Several years ago some friends from our church lost their son to suicide. He was a couple of years older than our oldest daughter Ashley and she knew him a little from school. They had been in a small group with us for about a year but the group had ended so our contact was mainly nodding to each other at church. The mother had also been in Stephen Ministry with me so I would see her weekly at the meetings. We were all deeply affected by his passing. Like Adam he was very well liked and seemed to have enormous potential for an amazing life. I participated with the other Stephen Ministers (A Peer Counseling Group) to help the congregation deal with this terrible loss. I spoke to the family a couple of times but honestly I didn’t know what to say and was afraid of saying the wrong thing even though I had received extensive training on grief counseling. I am ashamed to say we just didn’t offer them much comfort at the time. I just didn’t know what to do to help them.
When Adam took his life this husband and wife were one of the first to show up on our door. I find this an amazing testament to them and to God who knew exactly what we needed and when. They have been a great source of comfort to us and have even gone so far as to take over hosting responsibilities for our foreign exchange student. The father expressed to me that during this process I would be surprised about who was really good at providing comfort and who wasn’t. At the time I found this to be a curious comment but now I understand.

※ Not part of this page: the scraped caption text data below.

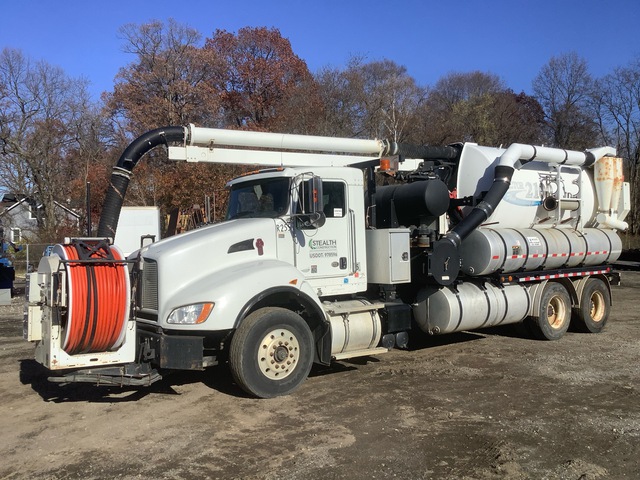 Vactor 2100 Plus on 2012 Kenworth T400 6x4 Vacuum Excavator Truck
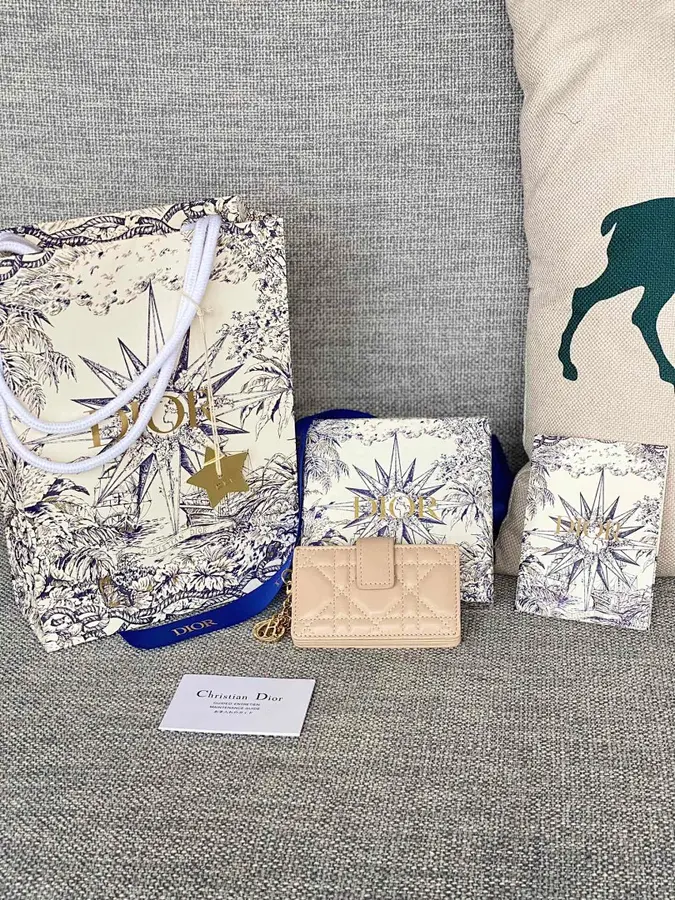 ディオール（DIOR） カードホルダー スリム レディース｜新品 58DE0DEE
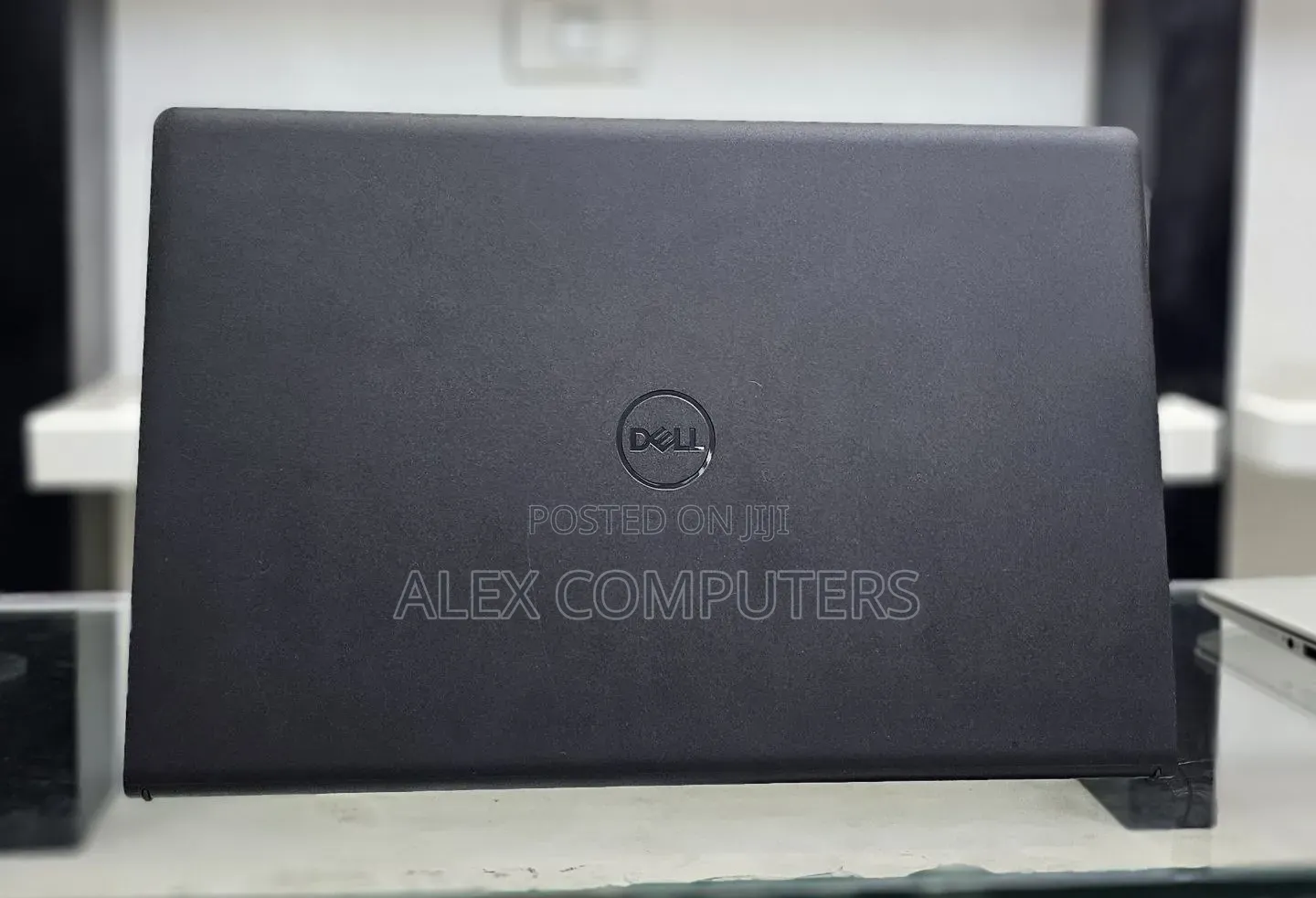New Laptop Dell Inspiron 15 16GB Intel Core i7 SSD 512GB
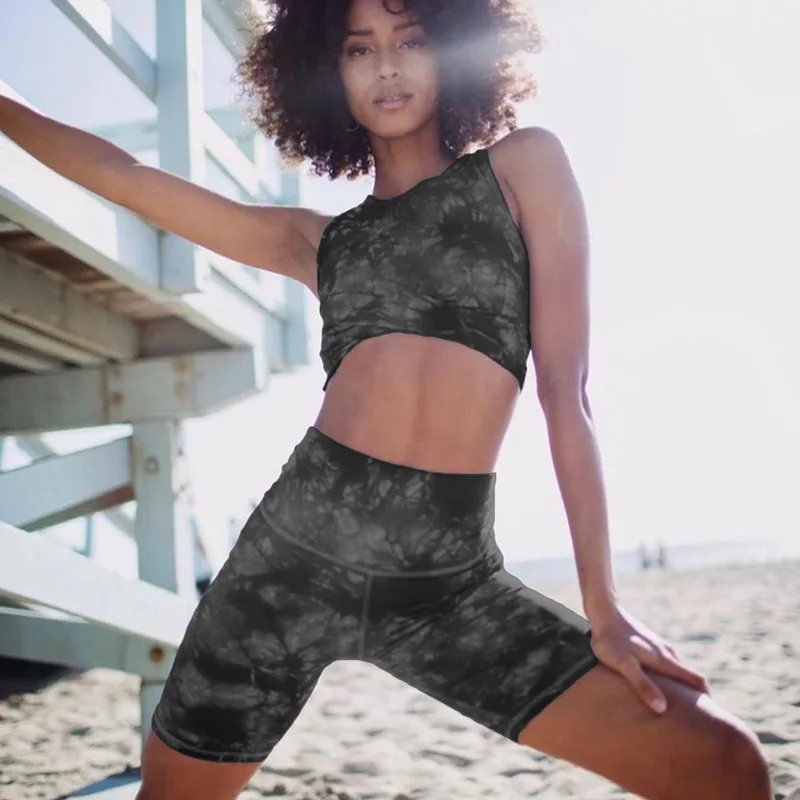 YD New arrival summer yoga fitness print set tie dye tank top and shorts women 2 piece set 2021
YD New arrival summer yoga fitness print set tie dye tank top and shorts women 2 piece set 2021
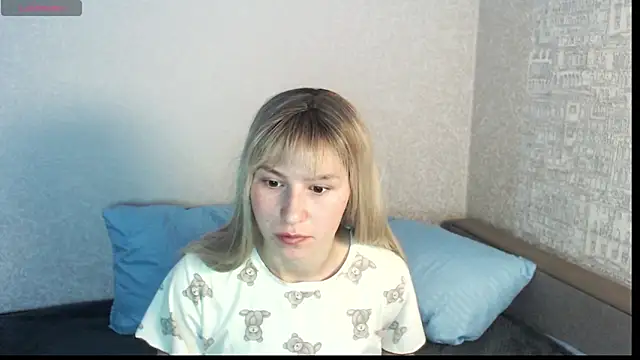 Snapshot of polly_holyy chatting on 05.18.26 polly holyy online show from 05.18.26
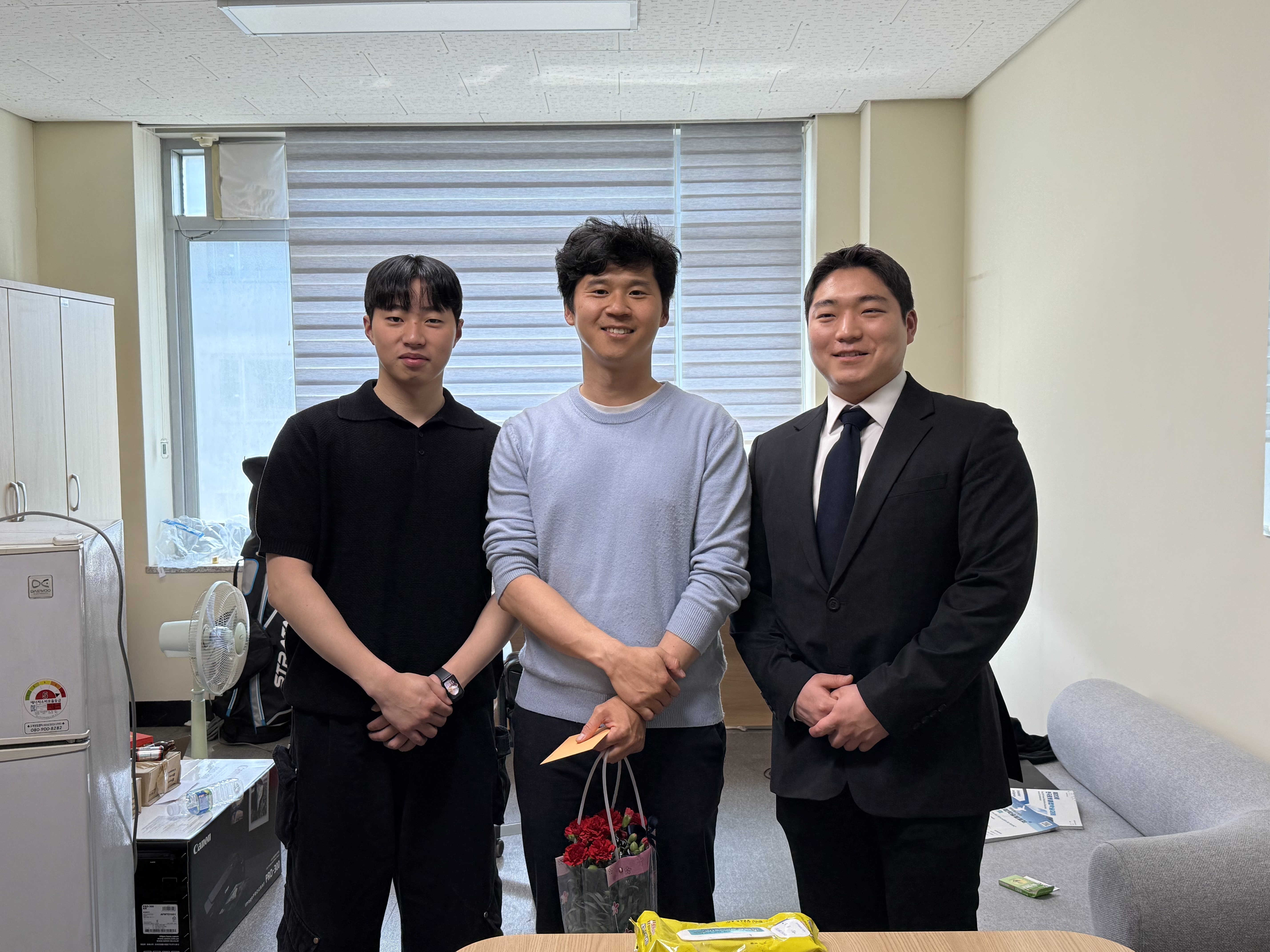 2025년 스승의날 카네이션 전달식 -이영문 교수님
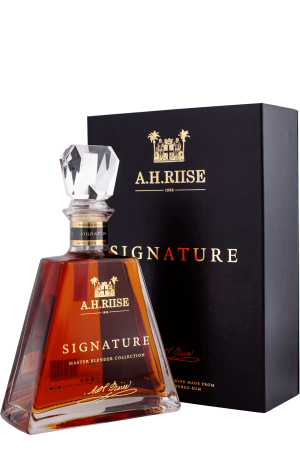A. H. Riise Signature v Kazete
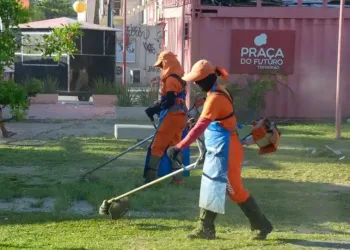 Comerciantes da zona oeste elogiam mutirões da Comlurb : ‘Mais limpeza, mais segurança, mais fregueses’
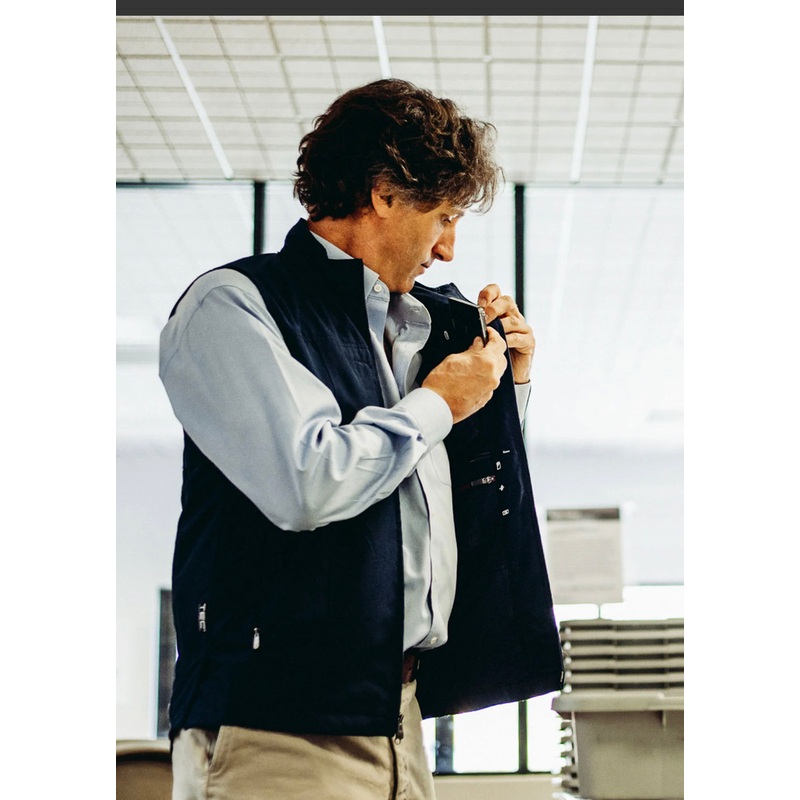 Scott e Vest RFID Water Repellant Travel Vest for Men (in black, size medium- last one in stock!)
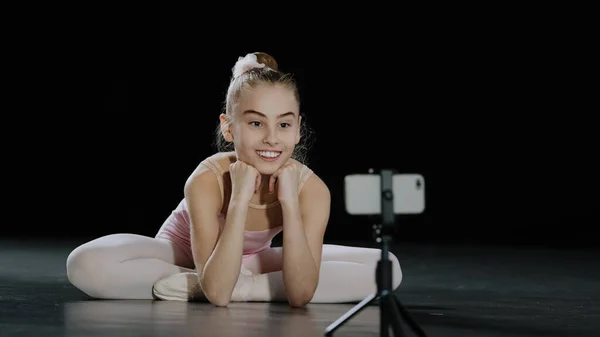 Mladý Dospívající Dívka Dítě Teenager Balerína Gymnastka Tanečnice Sedí Podlaze — Stock fotografie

Some of those closest to us remain silent and removed while people I regarded as acquaintances have stepped in and made a concerted effort to stay in contact and to encourage us in our recovery from our loss. I now look back at my lack of engagement with this family and I understand what those around us feel. They don’t know what to say and don’t want to cause us further pain so they avoid contact.
When this first happened we were overwhelmed with people reaching out and providing meals and coming to visit. Now it has dwindled down to a few stalwarts. Life goes on and most people have resumed their normal life and this is perfectly understandable. But I now know what this other family knew. There is nothing anyone can say that will make us feel any worse than we do and we certainly appreciate the efforts and words of encouragement when they come. Texts, phone calls, emails, cards any type of gesture is received with gratitude. I wish I had known this so that I could have been a better friend. Now I do and I will.
One reply on “The Sounds of Silence”
For anyone wishing to comfort someone in their loss, be assured that prayer is real and can be felt palpably. Also, it doesn’t matter so much what you do or how you do it, but that they know you thought of them and their loved one. Our loving Father God will supply the rest and bring you to act at the right time.